• What to do:
Could you set down exactly the lines in the records below between the line holding "muy recomendable mezclar el agua" and the line holding "华为流量卡1卡2不能切换吗为什么", inclusive?

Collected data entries
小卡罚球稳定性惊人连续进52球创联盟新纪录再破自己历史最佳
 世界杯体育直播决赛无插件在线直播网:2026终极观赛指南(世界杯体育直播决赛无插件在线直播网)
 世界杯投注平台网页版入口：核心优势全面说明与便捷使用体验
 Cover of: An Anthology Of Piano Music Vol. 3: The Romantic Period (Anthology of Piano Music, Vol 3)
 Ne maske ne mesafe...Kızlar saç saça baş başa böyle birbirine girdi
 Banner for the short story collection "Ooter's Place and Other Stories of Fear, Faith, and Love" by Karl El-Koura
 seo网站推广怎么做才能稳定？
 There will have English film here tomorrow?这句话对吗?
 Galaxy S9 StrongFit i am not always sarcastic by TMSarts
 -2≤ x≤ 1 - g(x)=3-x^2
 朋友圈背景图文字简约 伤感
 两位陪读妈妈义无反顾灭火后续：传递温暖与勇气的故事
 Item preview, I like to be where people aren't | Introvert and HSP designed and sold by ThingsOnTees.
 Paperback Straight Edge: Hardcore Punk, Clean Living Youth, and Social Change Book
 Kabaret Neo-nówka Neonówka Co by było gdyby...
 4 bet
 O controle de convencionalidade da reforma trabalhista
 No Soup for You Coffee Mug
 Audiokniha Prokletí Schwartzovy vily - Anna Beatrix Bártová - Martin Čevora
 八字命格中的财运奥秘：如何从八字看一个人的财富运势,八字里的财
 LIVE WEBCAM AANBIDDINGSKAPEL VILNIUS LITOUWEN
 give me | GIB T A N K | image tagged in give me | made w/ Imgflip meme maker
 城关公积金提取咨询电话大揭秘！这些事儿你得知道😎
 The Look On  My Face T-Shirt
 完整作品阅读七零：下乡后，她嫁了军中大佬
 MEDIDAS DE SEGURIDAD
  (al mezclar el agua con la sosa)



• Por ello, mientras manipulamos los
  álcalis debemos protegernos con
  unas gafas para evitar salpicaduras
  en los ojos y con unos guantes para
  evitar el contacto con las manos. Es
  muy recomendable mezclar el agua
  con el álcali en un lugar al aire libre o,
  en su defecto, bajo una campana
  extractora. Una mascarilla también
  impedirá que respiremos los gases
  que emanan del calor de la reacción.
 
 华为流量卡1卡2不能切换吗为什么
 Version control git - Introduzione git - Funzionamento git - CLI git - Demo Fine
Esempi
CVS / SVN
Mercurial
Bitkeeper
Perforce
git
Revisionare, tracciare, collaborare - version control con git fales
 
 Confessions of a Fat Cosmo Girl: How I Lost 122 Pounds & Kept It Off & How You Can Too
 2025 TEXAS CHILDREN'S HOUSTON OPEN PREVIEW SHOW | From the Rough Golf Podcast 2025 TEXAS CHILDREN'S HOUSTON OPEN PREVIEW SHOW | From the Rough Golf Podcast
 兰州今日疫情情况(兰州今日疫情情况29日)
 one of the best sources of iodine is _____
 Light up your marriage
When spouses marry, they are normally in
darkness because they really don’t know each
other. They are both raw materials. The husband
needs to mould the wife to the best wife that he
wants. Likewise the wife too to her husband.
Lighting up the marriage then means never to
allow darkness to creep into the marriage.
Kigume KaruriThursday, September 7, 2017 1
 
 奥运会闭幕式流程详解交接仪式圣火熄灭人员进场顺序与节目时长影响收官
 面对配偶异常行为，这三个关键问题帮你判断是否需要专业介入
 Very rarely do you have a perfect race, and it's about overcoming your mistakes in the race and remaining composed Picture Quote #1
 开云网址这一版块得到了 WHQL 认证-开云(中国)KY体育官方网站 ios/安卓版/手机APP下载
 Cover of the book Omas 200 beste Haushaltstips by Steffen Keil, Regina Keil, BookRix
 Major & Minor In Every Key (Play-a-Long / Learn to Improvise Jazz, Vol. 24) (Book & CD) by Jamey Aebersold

• Task result:
  muy recomendable mezclar el agua
  con el álcali en un lugar al aire libre o,
  en su defecto, bajo una campana
  extractora. Una mascarilla también
  impedirá que respiremos los gases
  que emanan del calor de la reacción.
 
 华为流量卡1卡2不能切换吗为什么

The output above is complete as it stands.